I see that we have a whole set of experts on Africa and, even better, African history; I think that is good. But in remembering the significance of the connection between these forms of exploitation, it would be useful for us, in case we had forgotten, to have a look, for example, at the Diary of Thomas Thistlewood, written between 1721 and 1786, just to give you a feel of the day-to-day implications of the treatment of people as chattels. This is the point I was making. One can compare that with Mr. Mandela’s Long Walk to Freedom and also Ronald Segal’s The Race War. The other piece that would be useful in setting a context for the treatment of apartheid is, of course, A.R.F. Webber. Webber, in 1917, wrote the first complete Caribbean novel entitled Those That Be in Bondage: A Tale of Indian Indentures and Sunlit Western Waters. It is a fascinating piece about the politics, social domination and physical brutalisation of Indians in Guyana under the regime of Indentureship.

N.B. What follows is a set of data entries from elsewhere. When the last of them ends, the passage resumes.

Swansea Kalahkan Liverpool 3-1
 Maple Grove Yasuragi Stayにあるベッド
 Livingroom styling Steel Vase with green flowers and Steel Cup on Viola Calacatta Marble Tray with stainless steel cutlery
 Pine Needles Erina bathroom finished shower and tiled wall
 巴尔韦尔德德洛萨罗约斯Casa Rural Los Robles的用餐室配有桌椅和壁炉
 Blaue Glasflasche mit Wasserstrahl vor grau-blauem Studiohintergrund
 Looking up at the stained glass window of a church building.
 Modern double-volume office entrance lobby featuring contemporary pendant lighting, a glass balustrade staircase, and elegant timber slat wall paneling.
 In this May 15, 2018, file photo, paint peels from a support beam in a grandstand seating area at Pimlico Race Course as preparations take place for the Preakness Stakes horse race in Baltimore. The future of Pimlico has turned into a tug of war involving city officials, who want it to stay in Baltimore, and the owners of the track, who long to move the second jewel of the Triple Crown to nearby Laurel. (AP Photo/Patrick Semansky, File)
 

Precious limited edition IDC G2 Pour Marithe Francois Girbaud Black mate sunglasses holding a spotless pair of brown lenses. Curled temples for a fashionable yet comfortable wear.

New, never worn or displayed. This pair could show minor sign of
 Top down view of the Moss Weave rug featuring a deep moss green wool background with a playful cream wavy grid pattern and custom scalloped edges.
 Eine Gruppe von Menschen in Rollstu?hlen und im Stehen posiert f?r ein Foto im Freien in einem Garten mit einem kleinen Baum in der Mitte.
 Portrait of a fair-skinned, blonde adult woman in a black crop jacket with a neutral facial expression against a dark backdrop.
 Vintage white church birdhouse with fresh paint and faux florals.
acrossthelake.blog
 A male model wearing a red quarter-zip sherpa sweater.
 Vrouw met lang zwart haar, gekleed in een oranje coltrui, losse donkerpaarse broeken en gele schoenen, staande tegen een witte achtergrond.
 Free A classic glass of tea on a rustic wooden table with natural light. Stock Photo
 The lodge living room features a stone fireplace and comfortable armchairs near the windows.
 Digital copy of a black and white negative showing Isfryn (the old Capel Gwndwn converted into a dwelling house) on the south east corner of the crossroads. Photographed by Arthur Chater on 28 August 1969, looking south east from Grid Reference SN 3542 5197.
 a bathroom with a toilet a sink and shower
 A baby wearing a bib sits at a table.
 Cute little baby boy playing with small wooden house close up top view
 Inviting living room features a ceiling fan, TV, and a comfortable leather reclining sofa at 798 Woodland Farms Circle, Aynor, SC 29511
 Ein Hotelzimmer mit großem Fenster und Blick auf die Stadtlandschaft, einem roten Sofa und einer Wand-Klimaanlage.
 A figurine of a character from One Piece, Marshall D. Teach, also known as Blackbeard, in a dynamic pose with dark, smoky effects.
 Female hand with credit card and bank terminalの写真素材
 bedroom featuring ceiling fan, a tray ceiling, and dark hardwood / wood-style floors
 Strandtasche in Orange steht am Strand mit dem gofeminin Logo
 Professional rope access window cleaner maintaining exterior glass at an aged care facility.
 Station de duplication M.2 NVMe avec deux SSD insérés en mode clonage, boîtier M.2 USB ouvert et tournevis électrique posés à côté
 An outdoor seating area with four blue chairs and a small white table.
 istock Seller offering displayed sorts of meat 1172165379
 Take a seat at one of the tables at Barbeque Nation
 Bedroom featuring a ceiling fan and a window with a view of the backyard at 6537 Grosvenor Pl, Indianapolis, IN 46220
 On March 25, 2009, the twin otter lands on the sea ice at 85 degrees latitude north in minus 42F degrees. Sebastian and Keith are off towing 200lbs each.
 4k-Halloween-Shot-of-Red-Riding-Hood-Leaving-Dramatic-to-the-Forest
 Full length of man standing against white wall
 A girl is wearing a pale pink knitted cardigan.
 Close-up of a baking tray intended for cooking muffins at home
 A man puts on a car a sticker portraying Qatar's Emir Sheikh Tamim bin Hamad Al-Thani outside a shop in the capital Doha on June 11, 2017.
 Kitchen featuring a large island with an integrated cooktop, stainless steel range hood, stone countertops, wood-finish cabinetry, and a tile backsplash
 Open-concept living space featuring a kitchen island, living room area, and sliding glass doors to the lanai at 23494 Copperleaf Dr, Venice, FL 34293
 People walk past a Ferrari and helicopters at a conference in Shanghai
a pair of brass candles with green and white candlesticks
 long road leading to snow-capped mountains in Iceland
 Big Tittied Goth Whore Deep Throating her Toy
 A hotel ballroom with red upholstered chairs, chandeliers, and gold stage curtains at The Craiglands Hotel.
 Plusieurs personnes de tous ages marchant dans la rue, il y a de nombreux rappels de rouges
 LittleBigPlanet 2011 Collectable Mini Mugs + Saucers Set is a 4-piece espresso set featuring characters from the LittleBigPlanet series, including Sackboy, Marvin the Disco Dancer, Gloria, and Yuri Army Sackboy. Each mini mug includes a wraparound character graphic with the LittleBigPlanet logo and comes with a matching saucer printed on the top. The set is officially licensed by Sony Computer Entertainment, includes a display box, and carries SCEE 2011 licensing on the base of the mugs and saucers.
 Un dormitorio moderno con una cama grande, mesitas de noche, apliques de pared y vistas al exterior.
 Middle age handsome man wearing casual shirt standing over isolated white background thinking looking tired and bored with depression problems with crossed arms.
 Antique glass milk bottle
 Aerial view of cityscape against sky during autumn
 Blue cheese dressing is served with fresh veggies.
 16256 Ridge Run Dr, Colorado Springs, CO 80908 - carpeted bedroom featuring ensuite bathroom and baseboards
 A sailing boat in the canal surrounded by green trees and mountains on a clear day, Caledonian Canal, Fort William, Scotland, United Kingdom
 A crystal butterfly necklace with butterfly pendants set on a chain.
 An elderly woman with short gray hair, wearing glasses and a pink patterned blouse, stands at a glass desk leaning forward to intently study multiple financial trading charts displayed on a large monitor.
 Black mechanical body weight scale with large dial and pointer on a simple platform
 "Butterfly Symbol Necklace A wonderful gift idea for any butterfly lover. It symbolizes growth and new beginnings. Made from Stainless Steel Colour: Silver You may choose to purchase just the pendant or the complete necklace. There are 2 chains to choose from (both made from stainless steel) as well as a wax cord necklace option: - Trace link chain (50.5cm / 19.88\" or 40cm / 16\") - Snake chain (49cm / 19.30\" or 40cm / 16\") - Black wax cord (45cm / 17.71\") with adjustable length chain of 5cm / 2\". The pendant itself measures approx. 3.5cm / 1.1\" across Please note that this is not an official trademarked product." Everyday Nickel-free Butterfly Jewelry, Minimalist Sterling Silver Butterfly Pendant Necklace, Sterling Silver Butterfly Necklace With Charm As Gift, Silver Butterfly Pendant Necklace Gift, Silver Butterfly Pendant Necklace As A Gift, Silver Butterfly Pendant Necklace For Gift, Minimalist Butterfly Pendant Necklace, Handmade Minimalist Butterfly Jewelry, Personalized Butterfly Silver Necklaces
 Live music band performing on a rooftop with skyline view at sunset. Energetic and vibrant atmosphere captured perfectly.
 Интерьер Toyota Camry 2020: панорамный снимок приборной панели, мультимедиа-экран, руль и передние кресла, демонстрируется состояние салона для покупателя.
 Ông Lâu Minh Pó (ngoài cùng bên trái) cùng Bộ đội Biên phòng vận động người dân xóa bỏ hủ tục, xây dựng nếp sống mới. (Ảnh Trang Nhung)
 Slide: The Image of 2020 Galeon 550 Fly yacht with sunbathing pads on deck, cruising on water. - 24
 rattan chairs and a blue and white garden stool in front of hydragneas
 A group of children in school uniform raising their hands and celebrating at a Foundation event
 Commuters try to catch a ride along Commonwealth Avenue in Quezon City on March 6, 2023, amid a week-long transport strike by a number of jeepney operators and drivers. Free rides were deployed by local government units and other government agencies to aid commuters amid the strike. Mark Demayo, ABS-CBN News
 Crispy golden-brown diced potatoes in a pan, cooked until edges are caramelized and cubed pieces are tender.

As the system of apartheid evolved, a number of political groups in South Africa – African National Congress and others mentioned by Colleagues, including Steve Biko’s South African Students’ Organization – opposed apartheid using a variety of tactics, both violent and non-violent. Mr. Nagamootoo made mention to that range. This resulted in activists being severely punished and brutalised again.
In 1955, Mr. Mandela was among the 150 activists imprisoned on charges of treason, as mentioned earlier, but the charges were simply for signing the Freedom Charter – a document that merely called for civil rights and that Government is based on the will of the people.
In 1960, the year of the famous massacre in Sharpeville, police killed 69 people and wounded 180 people when 5000 demonstrators staged a non-violent protest against the past laws.
In 1976, police in the Soweto township opened fire on 15,000 secondary school students who were marching to protest a ruling which required that they be taught in Afrikaans, a language that neither they nor their teachers knew. Steve Biko, I might add, the leader of the protest was beaten to death in prison and a period of massive protests and increasingly repressive government followed that incident. So there is a historical context to this exercise that we are looking at. It is not simply a theoretical one.
The events I have described paved the way for daily news reports of the causes of death of key activists in the same manner that the body counts resulting from U.S. action in Vietnam triggered.
In 1962, the laws in South Africa were changed to permit imprisonment without trial and some things followed from this. Murder in police custody, unlike those that took place under slavery, had to be justified. At least they had to be explained. Some rationale had to be given. The reported causes of death are very interesting. In fact, the most frequently reported causes of death became increasingly bizarre as the years went on. Let me just mention six for you:
• Shot whilst escaping: well you may think that is reasonable because a prisoner might attempt to escape so he was shot;
• Suicide by hanging: that is also possible;
• Fell from a police car;
• Fell 13 or 14 storeys to his death: the explanation of Biko was not that he was beaten to death, but that he happened to have fallen out of a window. I am telling you what is being reported by the police. They used batons as well, no doubt.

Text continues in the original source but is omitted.